As a shirtmaker, in 1890 Emma helped to form a female workers' union, mainly of tailoresses. In 1891 she gave evidence to the royal commission into shops, factories and workshops and marched with shearers' strike prisoners when released. She was the first woman to travel west organizing for the Australian Workers' Union and was the first woman member and a life member of the Brisbane Workers Political Organization.
Emma Miller championed equal pay and equal opportunity for women and was foundation president of the Woman's Equal Franchise Association (1894-1905), urging legislation to grant women the franchise on the principle of one adult one vote; although its policy was similar to Labor's she denied the association was allied to any political party. She admired William Lane, a champion of women's rights. She became president of the Women Workers Political Organisation (Qld) after 1903. In 1908 she was one of two women to attend a Commonwealth Labor conference, only the second time a woman was a delegate.

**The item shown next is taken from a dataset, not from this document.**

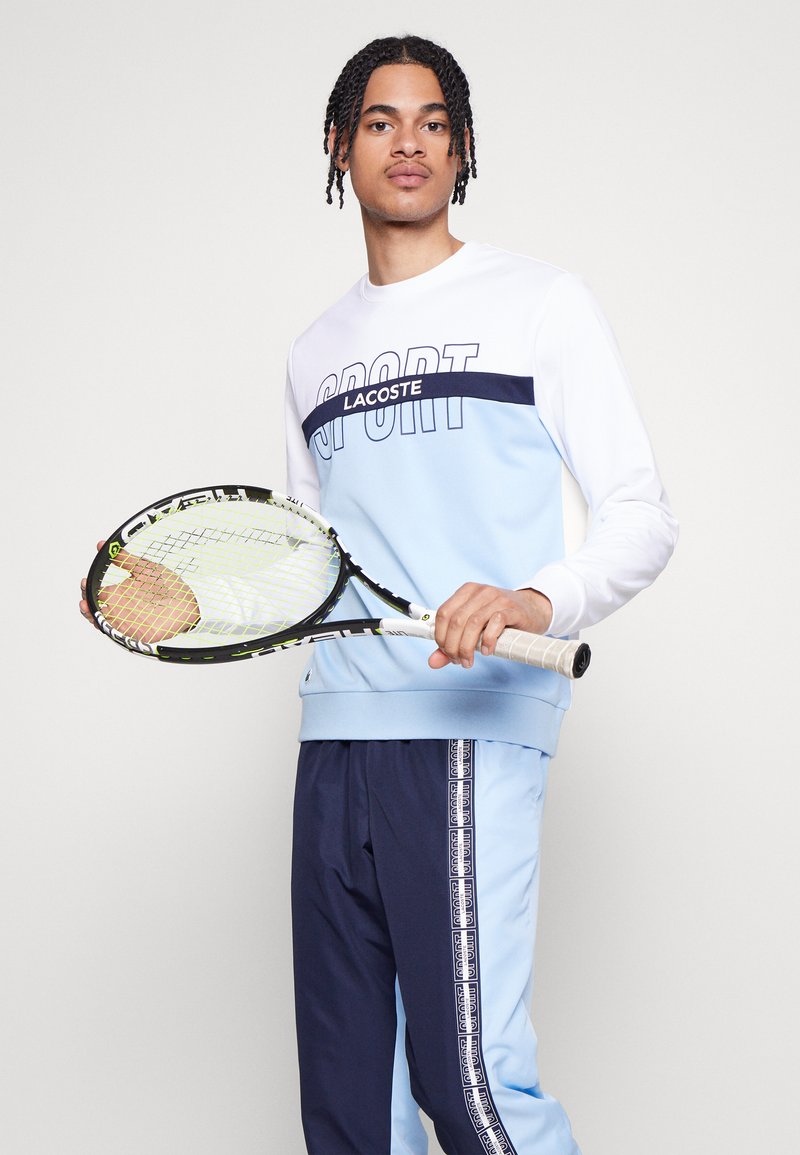 Conjunto deportivo en azul claro y marino, que incluye una sudadera con el texto "SPORT" y una raqueta de tenis sostenida en la mano derecha.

On 'Black Friday' of the 1912 strike Mrs Miller led a large contingent of women to Parliament House, braving the batons of foot and mounted police. She reputedly stuck a hatpin into the horse of Police Commissioner Cahill who was thrown and injured. A staunch secularist, she campaigned for free speech in 1914-16. Her hatred of militarism led her to take an energetic part in the anti-conscription campaigns: as president of the Queensland branch of the Women's Peace Army, she was a delegate to the Australian Peace Alliance Conference in Melbourne in 1916.
Her steadfast position as a Labor agitator earned her the proud title of 'Mother Miller' and 'the grand old labor woman of Queensland'. Though very frail when old, in 1915 she campaigned in the Murilla State electorate for J. S. Collings. She believed that the basis of the labour movement was industrial and stressed that it was of equal importance to women and men. She had no time for those who wavered from bedrock labour principles.
When she died at Toowoomba on 22 January 1917, survived by one son, the flag on the Brisbane Trades Hall flew at half mast and the Australian Meat Employees' Union conference was adjourned. Emma was buried at Toowong cemetery. On 22 October 1922 a publicly funded marble bust of her was unveiled in the Trades Hall.
Pam Young, 'Miller, Emma (1839–1917)', Australian Dictionary of Biography, National Centre of Biography, Australian National University, https://adb.anu.edu.au/biography/miller-emma-7583/text13241, published first in hardcopy 1986, accessed online 22 December 2024.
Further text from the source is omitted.